MIT scientists investigate the risk of memory loss in the age of clinical AI | MIT News

What is patient confidentiality? The Hippocratic Oath, thought to be one of the world’s most well-known medical ethics texts, reads: “Whatever I see or hear in the lives of my patients, whether related to my professional work or not, that should not be spoken of outside, I will keep it secret, as I consider all these things to be private.”
As privacy becomes increasingly scarce in the age of data-hungry algorithms and cyberattacks, medicine is one of the few fields left where confidentiality remains the core of practice, enabling patients to trust their doctors with sensitive information.
But a paper co-authored by MIT researchers investigates whether artificial intelligence models trained on de-identified electronic health records (EHRs) can memorize specific patient information. The work, which was recently presented at the 2025 Conference on Neural Information Processing Systems (NeurIPS), recommends setting up strict checks to ensure that targeted information cannot reveal information, stressing that leaks should be assessed in a healthcare context to determine whether they objectively compromise patient privacy.
Baseline models trained in EHRs must often aggregate information to make better predictions, using multiple patient records. But in “memorization,” the model pulls a single patient’s record to deliver its result, potentially violating patient privacy.

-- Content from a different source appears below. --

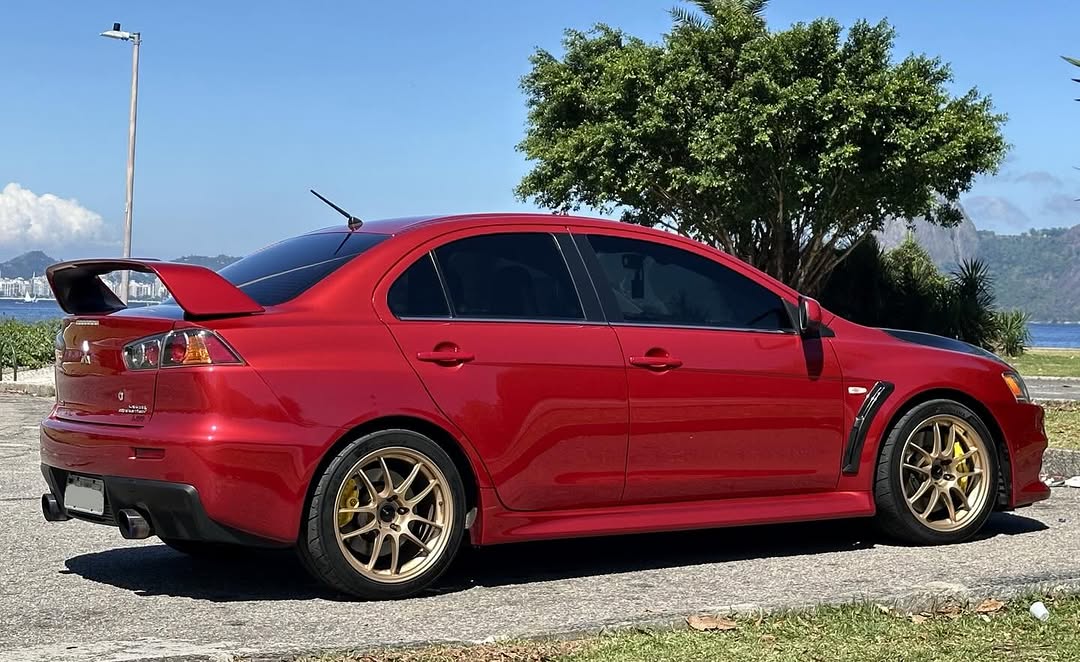 MITSUBISHI LANCER EVOLUTION X - Imagem 5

Notably, basic models are already known to be prone to data leakage.
“Information from these high-level models can be useful to many communities, but adversarial attackers can make the model extract information from training data,” said Sana Tonekaboni, a postdoc at the Eric and Wendy Schmidt Center at the Broad Institute of MIT and Harvard and first author of the paper. Given the risk that basic models can also capture private data, he notes, “this work is a step to ensure that there are effective vetting steps our community can take before releasing models.”
To conduct research on the potential risk of EHR-based models in medicine, Tonekaboni went to MIT Associate Professor Marzyeh Ghassemi, principal investigator at the Abdul Latif Jameel Clinic for Machine Learning in Health (Jameel Clinic), a member of the Computer Science and Artificial Intelligence Lab. Ghassemi, a faculty member in MIT’s Department of Electrical Engineering and Computer Science and Center for Medical Engineering and Science, runs the Healthy ML group, which focuses on robust machine learning in health.
How much information does a bad actor need to expose sensitive data, and what are the risks associated with leaked information? To test this, the research team conducted a series of experiments that they hope will lay the foundation for future privacy analyses. This test is designed to measure various types of uncertainty, and to evaluate their actual risk to patients by measuring the various stages of possible attacks.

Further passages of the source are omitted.